Here is the inconsistency of my position. I am envious of New Age certainties, but jealous of my own, which in general contradict them. Yet, if I am to make anything of the New Age I shall have to file those little prejudices away, for they will ensure that I fail in my attempt to comprehend the world I have chosen, temporarily, to inhabit. I admit to a tendency within myself to maintain a rather dismal inflexibility as shield against the clamour of contradiction. But at the same time I can see that the belief that there are no extra-terrestrials and the belief that there are coexist and have equal authority. It’s insoluble.

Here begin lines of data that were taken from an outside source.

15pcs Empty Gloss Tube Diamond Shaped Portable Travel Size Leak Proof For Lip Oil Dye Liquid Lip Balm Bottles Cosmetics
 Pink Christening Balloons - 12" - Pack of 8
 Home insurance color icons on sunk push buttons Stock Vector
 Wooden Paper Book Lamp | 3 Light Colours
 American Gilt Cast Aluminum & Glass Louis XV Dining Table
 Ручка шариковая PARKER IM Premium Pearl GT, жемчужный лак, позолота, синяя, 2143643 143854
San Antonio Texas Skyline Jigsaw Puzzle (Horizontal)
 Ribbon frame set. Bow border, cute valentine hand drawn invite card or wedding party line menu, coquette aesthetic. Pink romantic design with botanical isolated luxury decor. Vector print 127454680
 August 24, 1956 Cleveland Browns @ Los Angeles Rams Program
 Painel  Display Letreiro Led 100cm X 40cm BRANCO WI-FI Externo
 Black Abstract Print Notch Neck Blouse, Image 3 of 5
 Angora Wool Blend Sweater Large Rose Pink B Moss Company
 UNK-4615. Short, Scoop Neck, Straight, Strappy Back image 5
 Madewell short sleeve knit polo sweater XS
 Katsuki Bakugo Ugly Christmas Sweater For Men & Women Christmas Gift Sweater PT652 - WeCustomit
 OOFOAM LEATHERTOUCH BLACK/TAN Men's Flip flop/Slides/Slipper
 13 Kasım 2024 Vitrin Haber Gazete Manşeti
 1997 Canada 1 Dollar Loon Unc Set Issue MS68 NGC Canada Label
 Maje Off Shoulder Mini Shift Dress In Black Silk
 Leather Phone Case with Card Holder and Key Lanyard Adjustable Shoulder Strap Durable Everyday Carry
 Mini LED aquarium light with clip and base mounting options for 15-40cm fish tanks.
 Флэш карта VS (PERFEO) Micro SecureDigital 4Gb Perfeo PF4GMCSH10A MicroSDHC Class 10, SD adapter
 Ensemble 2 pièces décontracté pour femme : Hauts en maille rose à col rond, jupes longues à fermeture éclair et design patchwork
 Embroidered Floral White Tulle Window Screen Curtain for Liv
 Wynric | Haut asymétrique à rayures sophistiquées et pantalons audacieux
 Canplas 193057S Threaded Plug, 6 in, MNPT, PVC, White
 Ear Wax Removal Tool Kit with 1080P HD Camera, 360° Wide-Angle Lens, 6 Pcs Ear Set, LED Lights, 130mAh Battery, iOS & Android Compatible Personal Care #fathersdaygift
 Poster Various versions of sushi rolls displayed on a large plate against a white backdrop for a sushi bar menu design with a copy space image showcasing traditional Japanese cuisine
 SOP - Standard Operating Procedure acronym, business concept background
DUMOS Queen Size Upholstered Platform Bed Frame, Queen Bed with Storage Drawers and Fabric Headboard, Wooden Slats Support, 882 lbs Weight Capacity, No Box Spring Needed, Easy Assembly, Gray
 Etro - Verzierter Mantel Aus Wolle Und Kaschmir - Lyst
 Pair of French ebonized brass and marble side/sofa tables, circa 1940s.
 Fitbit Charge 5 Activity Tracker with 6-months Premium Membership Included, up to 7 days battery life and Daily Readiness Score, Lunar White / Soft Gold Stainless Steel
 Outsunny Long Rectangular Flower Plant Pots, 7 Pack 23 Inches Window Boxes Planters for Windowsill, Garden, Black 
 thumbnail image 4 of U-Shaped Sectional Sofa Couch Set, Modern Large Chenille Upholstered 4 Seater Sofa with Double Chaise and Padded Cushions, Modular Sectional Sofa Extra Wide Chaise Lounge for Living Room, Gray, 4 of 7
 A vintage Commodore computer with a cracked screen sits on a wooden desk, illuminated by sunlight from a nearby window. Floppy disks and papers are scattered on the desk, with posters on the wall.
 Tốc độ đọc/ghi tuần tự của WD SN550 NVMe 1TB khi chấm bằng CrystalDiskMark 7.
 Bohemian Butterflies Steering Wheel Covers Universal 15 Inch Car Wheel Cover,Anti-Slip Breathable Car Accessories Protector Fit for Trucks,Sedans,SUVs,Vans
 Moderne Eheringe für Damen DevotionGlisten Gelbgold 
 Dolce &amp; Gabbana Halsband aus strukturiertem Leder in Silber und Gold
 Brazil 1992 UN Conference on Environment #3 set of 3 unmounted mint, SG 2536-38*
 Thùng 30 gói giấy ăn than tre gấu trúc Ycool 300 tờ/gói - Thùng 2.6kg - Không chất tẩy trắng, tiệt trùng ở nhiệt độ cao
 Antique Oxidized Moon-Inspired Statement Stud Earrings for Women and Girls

I fall asleep with the TV tinting blue the web of nerves behind my eyes, like moonlight on some electronic planet, and I wake up sometime before dawn, chilled to the soul. Above the parking lot of the King’s Rest Motel the sky is black and still as a darkroom, trapping in its invisible fibres the blossoms of a million stars.
‘Where the earth is dry the soul is wisest and best.’
HERACLITUS
Memorial Day, driving into afternoon sun on what was once Route 66. On the opposite side of the highway two lanes bumper-to-bumper trudge towards the Continental Divide like a train of metal mules. Bowling beside me is a line of Recreational Vehicles also heading west. Now and then the aluminium pod of an old-style trailer passes by, cutting the air with reflections.
To an American, and more particularly to a westerner, the Recreational Vehicle must be an almost invisible part of the mobile landscape, but a European can only stare as the hulking trucks, passing themselves off as miniature moving idylls, lumber gracelessly along the freeway. We don’t have sufficient wide roads to accommodate them, our cities are too close together, the gas they require is too expensive, we are not rich enough to buy them, we go abroad for our holidays, and, most of all although this is changing – we do not recreate. Recreating is an all-American invention. Americans are compelled to possess their leisure as they are compelled to possess most anything, and to be fully the owner of their leisure, they must accumulate experience. This is why the American recreator will happily schedule in a dozen European capitals in a week, but still won’t hang around in the Sistine Chapel if the paper in the toilets runs out. For the American recreator it is the quantity of experience that matters, not its quality.
After two hours on the road I pull into a rest area, find a spot under a mesquite tree and doze a while with the air conditioning high. I wake up to a woman knocking on the window for two quarters to put in the soda machine. Quite a crowd has gathered in the parking lot, a line of RVs competes for space directly in front of the restrooms, map and vending machines. The woman returns, wanting to introduce me to her dogs. Jeez, dog-lovers.
‘You know,’ she says, ‘this place is full of Mexicans and Indians. Mexicans and Indians. Folks like us are outnumbered. At least it feels that way.’ We finish the soda in the ‘65 Scottie trailer she bought six months ago with the redundancy payoff from a marketing job in Pennsylvania. ‘Came out here, followed the myth,’ she says, ‘and I liked it.’ She doesn’t know how much longer it will be before she settles down somewhere and builds another life.
‘This dog here’s too old to be on the road,’ she says, ‘he needs a place where he can feel comfortable enough to go ahead and die.’
Pinned up in the Scottie is a portrait of Ross Perot taken during his presidential campaign, still looking like a VE-Day vet after all these years.